Derived order conditions for arbitrary order MPRK and GeCo schemes.

Recovered known order conditions for lower-order schemes.

Numerically confirmed the convergence rate of a new 4th order MPRK method.

Abstract

In recent years, many positivity-preserving schemes for initial value problems have been constructed by modifying a Runge--Kutta (RK) method by weighting the right-hand side of the system of differential equations with solution-dependent factors. These include the classes of modified Patankar--Runge--Kutta (MPRK) and Geometric Conservative (GeCo) methods. Compared to traditional RK methods, the analysis of accuracy and stability of these methods is more complicated. In this work, we provide a comprehensive and unifying theory of order conditions for such RK-like methods, which differ from original RK schemes in that their coefficients are solution-dependent. The resulting order conditions are themselves solution-dependent and obtained using the theory of NB-series, and thus, can easily be read off from labeled N-trees. We present for the first time order conditions for MPRK and GeCo schemes of arbitrary order; For MPRK schemes, the order conditions are given implicitly in terms of the stages.
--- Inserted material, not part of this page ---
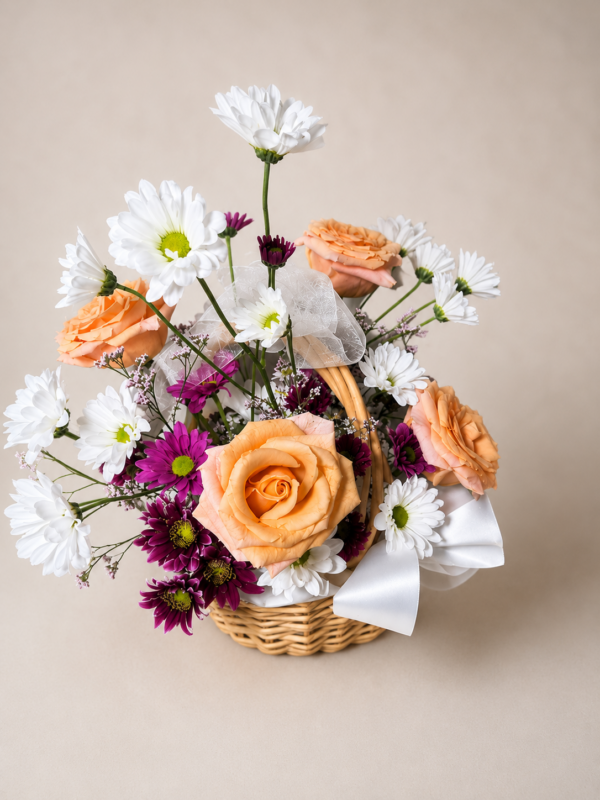 Patience and Love floral basket with peach roses, white daisies, and purple chrysanthemums arranged in a wicker basket with ribbons.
From these results, we recover as particular cases all known order conditions from the literature for first- and second-order GeCo as well as first-, second- and third-order MPRK methods. Additionally, we derive sufficient and necessary conditions in an explicit form for 3rd and 4th order GeCo schemes as well as 4th order MPRK methods. We also present a new 4th order MPRK method within this framework and numerically confirm its convergence rate.